═══ ENTRIES SUPPLIED
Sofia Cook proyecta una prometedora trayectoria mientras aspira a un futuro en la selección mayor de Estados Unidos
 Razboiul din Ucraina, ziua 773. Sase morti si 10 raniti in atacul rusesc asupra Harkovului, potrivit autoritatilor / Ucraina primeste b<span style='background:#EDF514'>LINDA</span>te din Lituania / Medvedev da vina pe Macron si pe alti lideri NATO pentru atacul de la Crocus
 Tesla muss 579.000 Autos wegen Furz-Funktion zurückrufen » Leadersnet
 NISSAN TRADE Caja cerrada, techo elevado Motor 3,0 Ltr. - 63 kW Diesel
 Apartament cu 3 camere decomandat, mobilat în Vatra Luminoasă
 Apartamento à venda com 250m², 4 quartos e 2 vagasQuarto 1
══════
**WHAT THE TASK REQUIRES**
The entries must all be transcribed exactly.

**EXERCISE OUTPUT**
Sofia Cook proyecta una prometedora trayectoria mientras aspira a un futuro en la selección mayor de Estados Unidos
 Razboiul din Ucraina, ziua 773. Sase morti si 10 raniti in atacul rusesc asupra Harkovului, potrivit autoritatilor / Ucraina primeste b<span style='background:#EDF514'>LINDA</span>te din Lituania / Medvedev da vina pe Macron si pe alti lideri NATO pentru atacul de la Crocus
 Tesla muss 579.000 Autos wegen Furz-Funktion zurückrufen » Leadersnet
 NISSAN TRADE Caja cerrada, techo elevado Motor 3,0 Ltr. - 63 kW Diesel
 Apartament cu 3 camere decomandat, mobilat în Vatra Luminoasă
 Apartamento à venda com 250m², 4 quartos e 2 vagasQuarto 1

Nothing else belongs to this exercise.